# Instructions for the task
The line with "Mercedes-Benz GLA 200 AMG Line - 7" marks the start; please set it down along with all later lines through the end of the material, exactly, leaving out pictures.

# Collected data
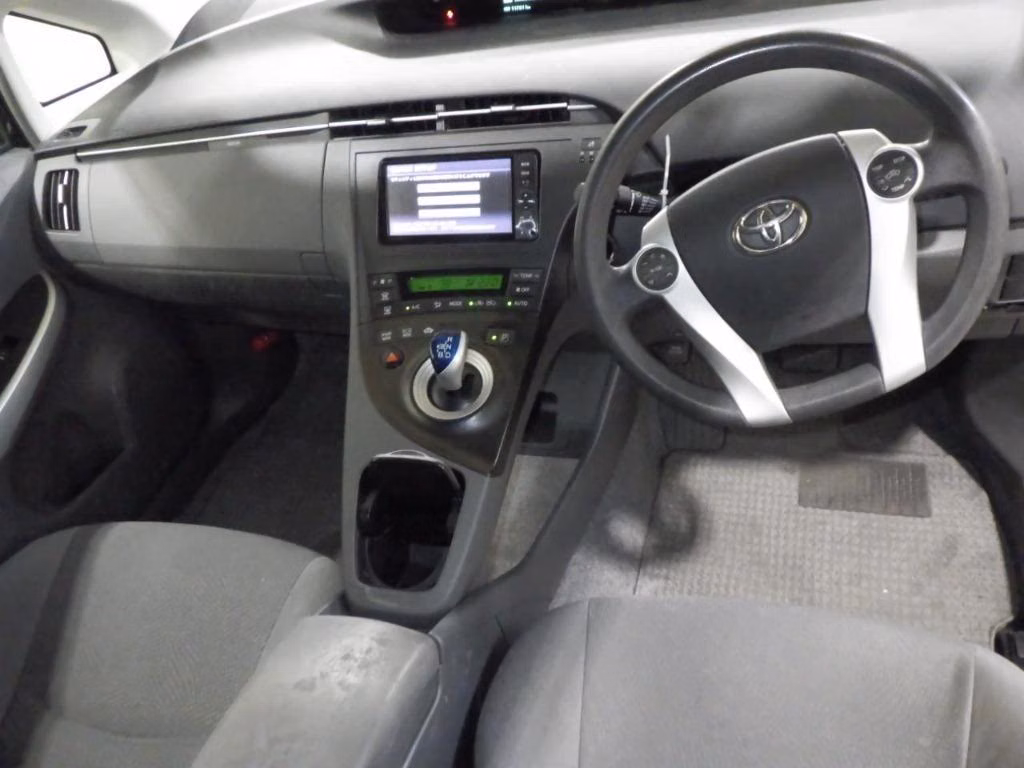 TOYOTA PRIUS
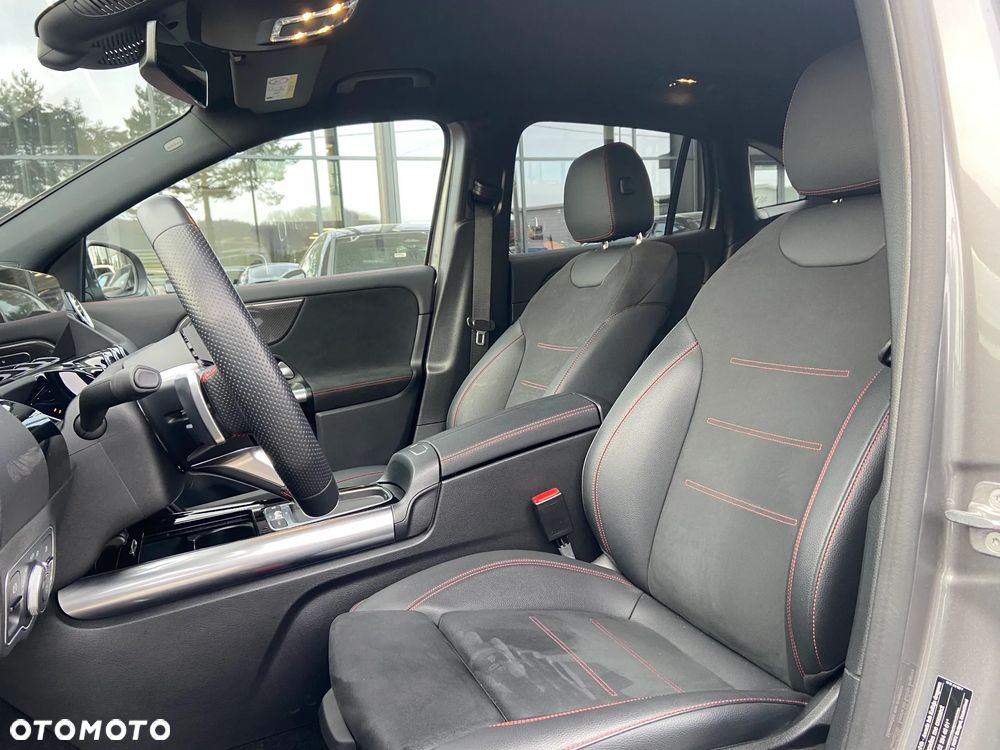 Mercedes-Benz GLA 200 AMG Line - 7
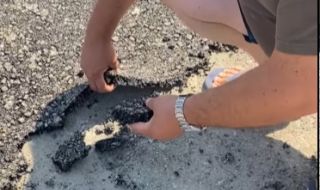 Безумие! Новоположеният асфалт в Царево се бели като кожа (ВИДЕО)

# Answer to this problem
 Mercedes-Benz GLA 200 AMG Line - 7
 Безумие! Новоположеният асфалт в Царево се бели като кожа (ВИДЕО)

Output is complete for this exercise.